Paulson suggested that the current market has heightened the importance of brokers and clients working together to differentiate their risks. He asked for suggestions for brokers and clients who are trying to differentiate themselves in this market.

Wallis said he recognizes that Lloyd’s is a market of last resort, but it’s important to know that differentiating risks still takes time, so sending detailed submissions early is an advantage.

“If you want Lloyd’s, or I think any underwriter, to properly differentiate your risk, you need to invest the time and the effort to go through that risk in great detail with your underwriters,” he said.

The process can start with the conference call and an individual call and a fully detailed submission. “If all I’m getting is an ACORD and a link to a website, it’s probably unlikely that I’m going to underwrite the account or spend any time looking at it,” he said candidly.

Wallis said brokers may be accustomed to getting quick quotes and turnarounds on submissions without details in other markets but it’s not feasible for Lloyd’s underwriters who deal with complex risks.

“If you invest in creating a full submission with a lot of information, with detailed risk information, and a conference call where you can actually go through who you are and what you do, you have a good chance of actually getting some positive feedback from underwriters.”

Wood agrees that differentiating a risk starts off with the broker first giving the underwriter a heads-up on the client and submitting a detailed submission with lots of proper information.
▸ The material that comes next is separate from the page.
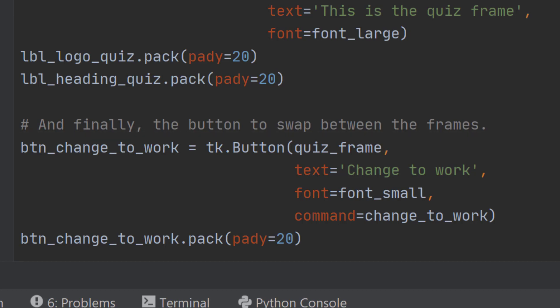Adding the widgets to the work frame happens in exactly the same way. The only change we make is to the names of the variables and the functions being called. They now have to refer to the quiz frame and so on, so we're going to have exactly the same logo, a similar label, and another button on the work frame.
She said even if underwriters had “all the time in the world” to dig into a website in detail, they would still be without a lot of information on products, sales and the company they need.
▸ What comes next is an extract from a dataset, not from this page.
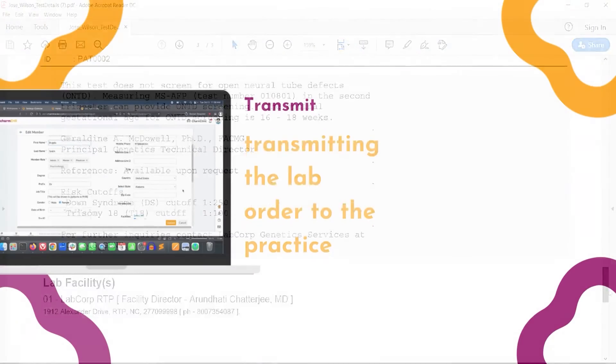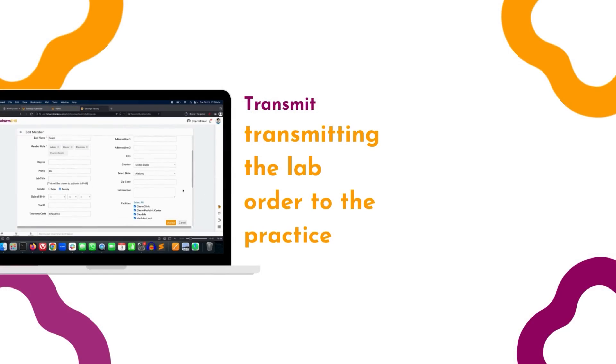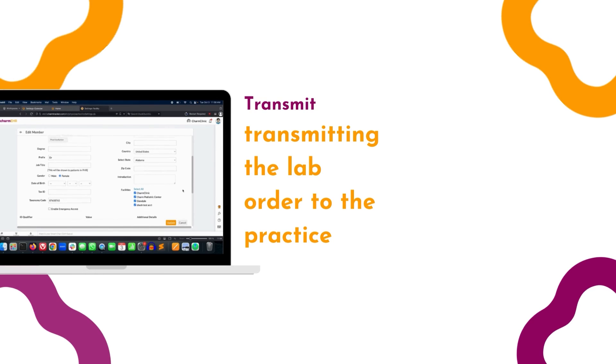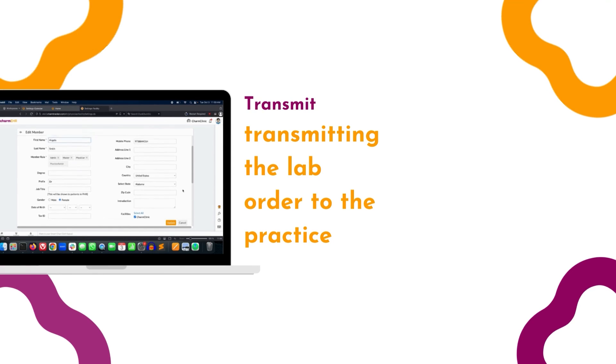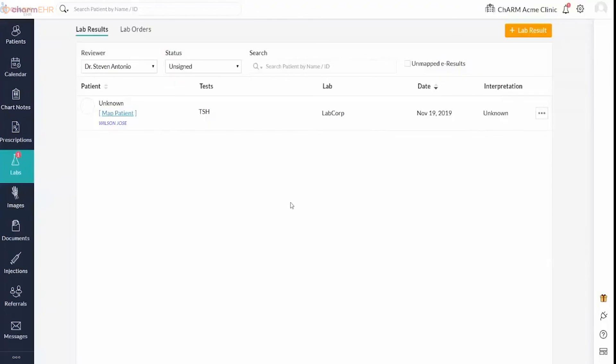Manually mapping a patient to a result. Unsolicited results may be received with incorrect patient details. Such results cannot be mapped to the patient automatically. They are listed in the Lab Results section with an unknown patient.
“Make it quick and easy to see, but also give a nice narrative about the account. Too often I pick something up and I can’t quite work out what the insured even does, so I can’t work out what the exposure might be,” Wood said.

Brokers should indicate why they think it’s a good client, according to Wood.

COVID Effect

Bland emphasized that differentiating a submission depends on managing the message that gets delivered among underwriter, broker and client. Brokers should know the “hot topics” that underwriters say they are interested in. He urged brokers to differentiate with the quality of information they provide. “Quality rather than quantity. That’s key,” he added.
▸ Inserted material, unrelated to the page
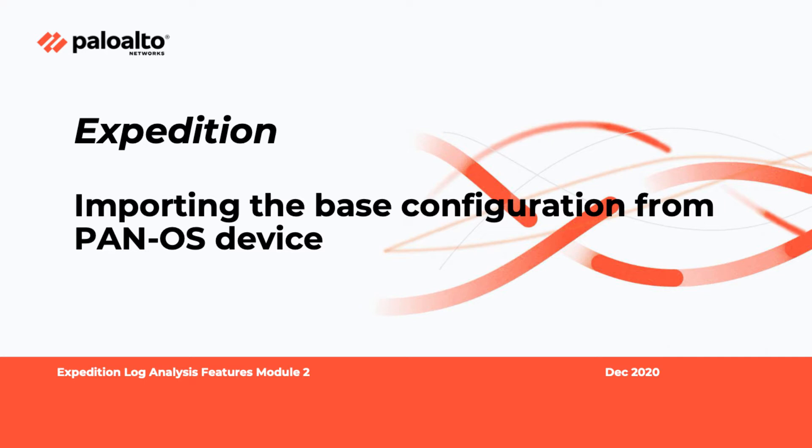Welcome to the Expedition tutorial video. In this video, I will go over the steps on how to import base config from Palo Alto Networks device.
In terms of the effect of COVID-19 on casualty lines, Wood cited the possibility of emerging risks around litigation. Large rewards aren’t being settled because the court system is backed-up due to pandemic restrictions. It’s not clear what this means for claims.

“Will Zoom verdicts mean that the verdicts are larger? Smaller? There’s definitely going to be a delay and more uncertainty,” Woods predicted. “Then there’s the economic impact: how badly is the economy crashed down? What are our exposures?”

Bland said casualty is in uncharted territory with COVID. “I think it’s not the 911 moment that we had in 2001 in terms of the impact of where the market is. I think there’s a lot of unknowns.”

He does not think casualty is impacted as much as other lines in terms of claims, at least in the short term.

“You can imagine that there probably will be some emerging issue that we wouldn’t have thought about. It might come down the line two or three years later,” Bland said. “Could there be more of the mental anguish side? Are expanded definitions of bodily injury coming into play? That could be. If we had a crystal ball and could see that, we would be doing completely different things, that’s for sure.”